He is overturning it, it called for equivalent harm and now He calls for complete forgiveness. I don't see any scenario where the proposition that Jesus confirms the national law as maintained is true when He is literally and explicitly changing it. You will have to draw that proposition out such that the result of Jesus's statements are exactly the same as the law. That plainly can't be achieved.
So, the whole "eye for an eye" concept calls for the death of murderers. They took a life, so their life is taken. You're saying Jesus overturned this by calling for complete forgiveness? Or should we say that we can only assume that any changes He called for only apply to the specific things He mentioned. All it takes to "condone" something is to say nothing about it.

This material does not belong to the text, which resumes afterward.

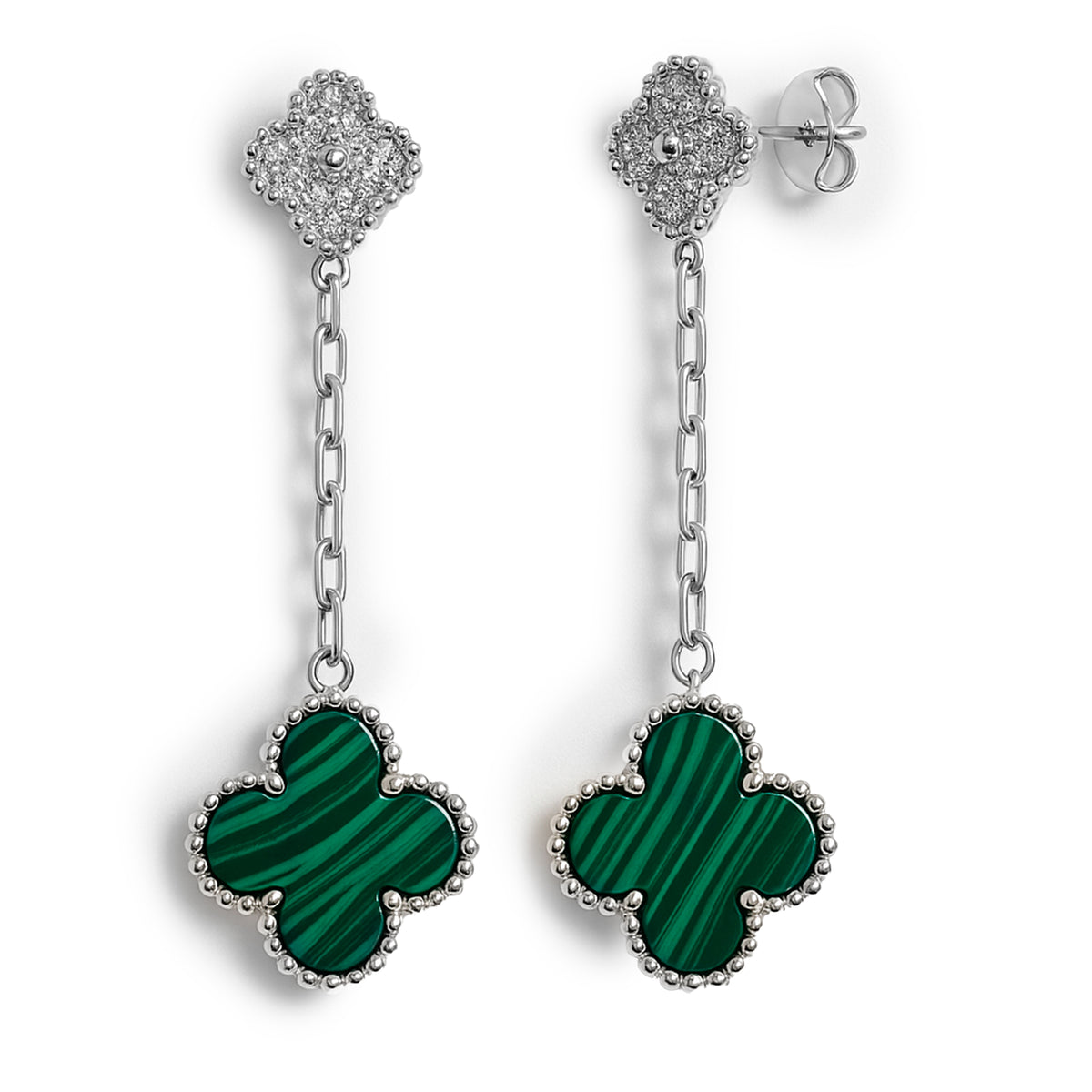 Arete Inspirado Van Cl Plata .925 con Rodio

They don't own the people in the sense you imagine, they still have certain rights. They do however give up certain rights voluntarily. Anything can be abused. What is interesting is that it was their unfaithfulness to God that led to such abuses. Your comment about attacking other cities is far off the topic of slavery. We can talk about that but I'd prefer to finish our current topic to your satisfaction. If we complete this topic and you do decide that you want to talk about it I need to know a bit more about what you are referring too.
I already said that indentured servitude isn't inherently immoral. Time to move on to slavery. Those cities that are "at a distance" are not off topic. That's part of the real slavery in the Bible. The cities near to them within their promised land would be off topic, because then we would only be talking about genocide. Those aren't the cities I'm talking about though.
When you draw near to a city to fight against it, offer terms of peace to it. And if it responds to you peaceably and it opens to you, then all the people who are found in it shall do forced labor for you and shall serve you. But if it makes no peace with you, but makes war against you, then you shall besiege it. And when the LORD your God gives it into your hand, you shall put all its males to the sword, but the women and the little ones, the livestock, and everything else in the city, all its spoil, you shall take as plunder for yourselves. And you shall enjoy the spoil of your enemies, which the LORD your God has given you. Thus you shall do to all the cities that are very far from you, which are not cities of the nations here. -- Deuteronomy 20:10-15
That is slavery, and that is the topic.
You say owning people is bad because your moral intuition about men being free is compelling you. However infringing on ones right to be a servant is a restriction on that persons free will which would leave that person stuck in poverty. Your moral intuition is right to see the freedom of mankind as the proper course but it's being inappropriately applied. Where do you suppose your moral compass points to?
If someone wants to be a servant, have at it. They should always have the right to change their mind though (
not necessarily without any consequences whatsoever), and they shouldn't be forced to be a servant. The "owner" in this scenario is the immoral one who offers no choice to the "servant" other than enslavement to alleviate their poverty.